● Dataset entries:
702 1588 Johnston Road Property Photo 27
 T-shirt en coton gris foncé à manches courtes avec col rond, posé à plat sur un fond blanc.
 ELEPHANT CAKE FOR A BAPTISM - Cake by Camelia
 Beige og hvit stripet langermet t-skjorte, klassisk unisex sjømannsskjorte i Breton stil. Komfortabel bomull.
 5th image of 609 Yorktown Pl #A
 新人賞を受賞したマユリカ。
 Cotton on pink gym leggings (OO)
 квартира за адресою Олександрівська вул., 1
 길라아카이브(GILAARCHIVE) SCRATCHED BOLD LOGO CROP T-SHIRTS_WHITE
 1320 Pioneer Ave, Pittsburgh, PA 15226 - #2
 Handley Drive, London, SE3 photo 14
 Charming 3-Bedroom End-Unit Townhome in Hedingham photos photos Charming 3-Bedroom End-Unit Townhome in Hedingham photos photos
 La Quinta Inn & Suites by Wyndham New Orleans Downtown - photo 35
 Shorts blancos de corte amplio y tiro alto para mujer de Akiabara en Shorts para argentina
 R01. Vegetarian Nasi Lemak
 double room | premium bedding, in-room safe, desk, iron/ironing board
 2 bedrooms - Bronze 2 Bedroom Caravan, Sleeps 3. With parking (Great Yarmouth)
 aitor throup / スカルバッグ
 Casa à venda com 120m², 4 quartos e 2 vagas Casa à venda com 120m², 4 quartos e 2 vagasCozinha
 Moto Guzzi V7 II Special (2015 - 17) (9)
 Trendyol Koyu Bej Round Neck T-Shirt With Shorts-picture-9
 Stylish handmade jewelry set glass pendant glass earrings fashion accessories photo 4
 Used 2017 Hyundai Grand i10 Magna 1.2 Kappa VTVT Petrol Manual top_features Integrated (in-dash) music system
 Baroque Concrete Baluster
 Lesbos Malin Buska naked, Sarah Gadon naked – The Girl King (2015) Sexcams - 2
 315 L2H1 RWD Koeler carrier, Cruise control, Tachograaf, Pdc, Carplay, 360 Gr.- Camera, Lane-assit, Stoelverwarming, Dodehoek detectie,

● Aim of the exercise:
Write out the records again, exactly as given.

● Final answer:
702 1588 Johnston Road Property Photo 27
 T-shirt en coton gris foncé à manches courtes avec col rond, posé à plat sur un fond blanc.
 ELEPHANT CAKE FOR A BAPTISM - Cake by Camelia
 Beige og hvit stripet langermet t-skjorte, klassisk unisex sjømannsskjorte i Breton stil. Komfortabel bomull.
 5th image of 609 Yorktown Pl #A
 新人賞を受賞したマユリカ。
 Cotton on pink gym leggings (OO)
 квартира за адресою Олександрівська вул., 1
 길라아카이브(GILAARCHIVE) SCRATCHED BOLD LOGO CROP T-SHIRTS_WHITE
 1320 Pioneer Ave, Pittsburgh, PA 15226 - #2
 Handley Drive, London, SE3 photo 14
 Charming 3-Bedroom End-Unit Townhome in Hedingham photos photos Charming 3-Bedroom End-Unit Townhome in Hedingham photos photos
 La Quinta Inn & Suites by Wyndham New Orleans Downtown - photo 35
 Shorts blancos de corte amplio y tiro alto para mujer de Akiabara en Shorts para argentina
 R01. Vegetarian Nasi Lemak
 double room | premium bedding, in-room safe, desk, iron/ironing board
 2 bedrooms - Bronze 2 Bedroom Caravan, Sleeps 3. With parking (Great Yarmouth)
 aitor throup / スカルバッグ
 Casa à venda com 120m², 4 quartos e 2 vagas Casa à venda com 120m², 4 quartos e 2 vagasCozinha
 Moto Guzzi V7 II Special (2015 - 17) (9)
 Trendyol Koyu Bej Round Neck T-Shirt With Shorts-picture-9
 Stylish handmade jewelry set glass pendant glass earrings fashion accessories photo 4
 Used 2017 Hyundai Grand i10 Magna 1.2 Kappa VTVT Petrol Manual top_features Integrated (in-dash) music system
 Baroque Concrete Baluster
 Lesbos Malin Buska naked, Sarah Gadon naked – The Girl King (2015) Sexcams - 2
 315 L2H1 RWD Koeler carrier, Cruise control, Tachograaf, Pdc, Carplay, 360 Gr.- Camera, Lane-assit, Stoelverwarming, Dodehoek detectie,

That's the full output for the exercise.